I took a 36 exposure roll of Kodachrome (II or 25, I can't
remember which) and ran part of it through my Pentax with various Pentax
lenses, shooting a standard color chart with electronic flash. After
shooting half the roll, I rewound it, put it in a Nikon and shot the rest
of the roll with various Nikon lenses. When the slides came back, I put
them on a $20,000 transmission densitometer. It told me that there were
indeed minor color rendering differences between the Pentax lenses and the
Nikon lenses. What was interesting was that both Nikon and Pentax had
balanced their lines of lenses. There were no significant differences
between a Pentax 28, 50, 85, or 135mm lens, and there were no significant
differences between the various Nikon lenses. But there were significant
differences between the brands, at least according to the densitometer. I
must confess that I couldn't tell any difference visually. I mean, it
wasn't as though the Pentax lenses had a visible pink tinge and the Nikon
a blue tinge or anything like that.
As far as storage, you're correct. A 9K X 6K image at 30
bits would require about 200 MB to store, assuming no compression. So
assuming we want a reasonable number of images on a removable disk, that
means the camera needs something like a 5 or 10 GB disk for image storage.
That's certainly within the capabilities of current technology (see
Seagate's recent announcement). And I don't have a 60 GB desktop. Right
now, I have only 53 GB of disk storage on all the systems on my desktop
combined.
* * * * *
This from Francisco Garcia Maceda [maceda@pobox.com]:
"But I sure haven't given permission to those third-party
companies that write cookies for their own purposes, unbeknownst to
me."
I think that you have, at least indirectly.
Since IE 4 has the following options:
Prompt before accepting cookies
Disable all cookie use
Always accept cookies
By asking IE to prompt you before accepting
cookies you get the functionality cookies provide (i.e. by keeping your
Amazon profile and not having to manually login) and the security that
rejecting unwanted ones gives you. I know it is not practical, in fact
it is a PITA, and it could be much better implemented, but the fact
remains that since you can block unwanted cookies and you don't, then
you are actually (a lawyer might use the word implicitly) giving
permission to do so. The fact that this process is unbeknownst to you is
of your own choosing.
Huh? That's like saying that if I leave my back door
unlocked while visiting a neighbor and a burglar comes in and steals my TV
that he's not guilty of any crime because I didn't lock the door. Give me
a break.
* * * * *
This followup from Bo Leuf [bleuf@algonet.se]:
Um, as I recall it, this lecturer had done
extensive tests at the time, and Kodachrome _was_ different than
comparable ASA 25 films, capable of better resolution than other films.
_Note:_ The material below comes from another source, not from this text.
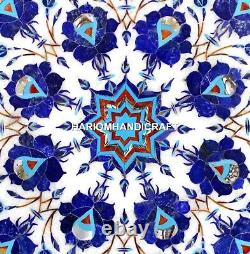 Belle décoration de cuisine en mosaïque de dessus de table en marbre incrusté de lapis-lazuli floral H1379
He at least claimed that it was the only film that was totally
"grain free" as he defined it, and superior to then available
"high-resolution" black&white films. Part of the reason
may have been his own processing of the color slide film as
black&white, but he had the test pattern results to back him up.
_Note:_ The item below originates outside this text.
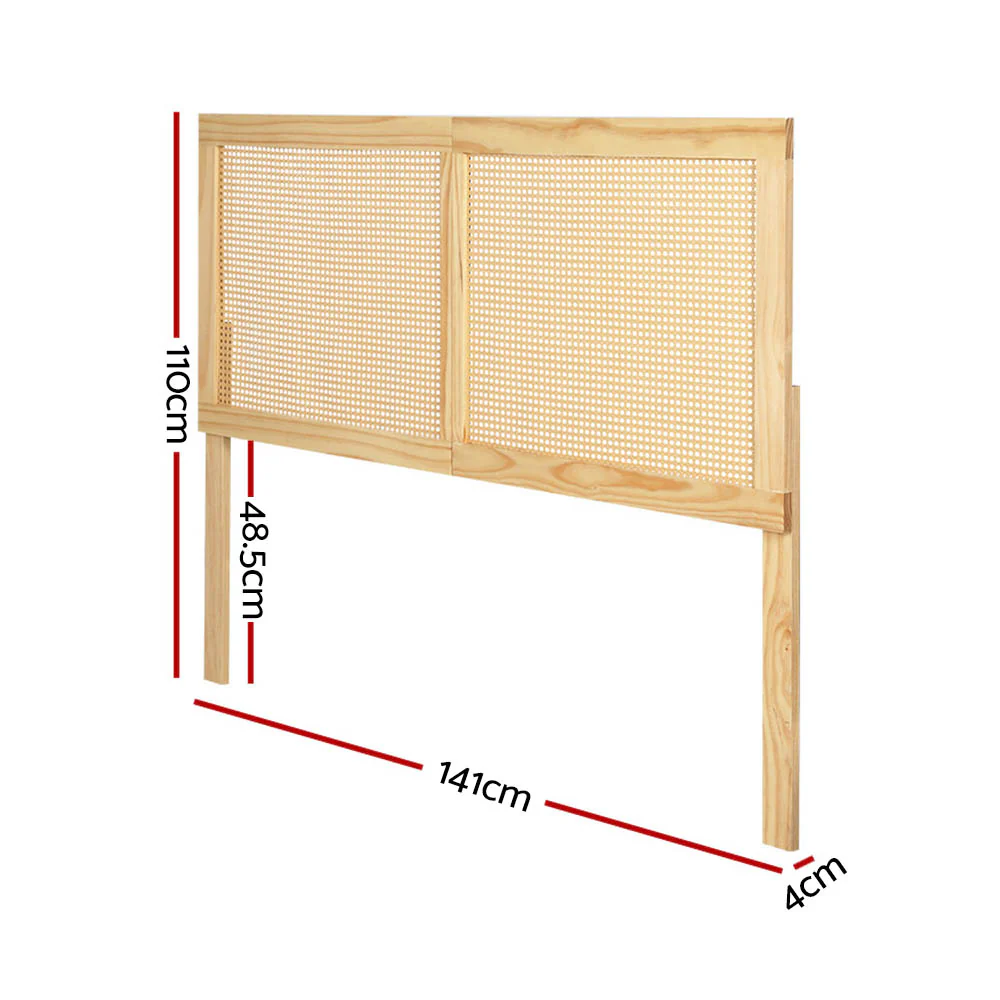 Artiss Bed Head Headboard Double Rattan - RIBO Pine - Image 2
Hmm. Without getting into stuff like Modulation Transfer
Functions and other things that I doubtlessly mis-remember, I suspect the
reason that he perceived a difference was that dye blobs have soft edges
whereas developed silver grains have sharp edges. Visually, most people
perceive something that is lower resolution but has high contrast and
sharp edge delineation as being "sharper" than something with
higher resolution but lower contrast and ill-defined edges. As I recall
it, the predecessor to Technical Pan (I can't remember its designation,
but it was a number rather than a name. 50xx, perhaps?) had more than
twice the inherent resolution of Kodachrome. As you noted, the presence of
three separate emulsion layers in Kodachrome put it at a severe
disadvantage relative to single thin-emulsion black and white technical
films.
It's not clear to me what he meant by developing it as
"black and white." The normal process for Kodachrome required,
as I remember it, twenty-seven separate steps, or perhaps it was
thirty-four. The first was to develop the film as a standard
black-and-white negative. That was followed by three separate reversal
processes, each occupying multiple steps. Basically, the developed film
was exposed to monochromatic blue light, which exposed the remaining
silver halide in the blue-sensitive layer, and then processed in a
developer that contained yellow color couplers. Same thing for green
light/magenta couplers and red light/cyan couplers. The order was
important, too, although I can't remember the order the colors had to be
developed in. These three reversal steps put the dyes in the right places.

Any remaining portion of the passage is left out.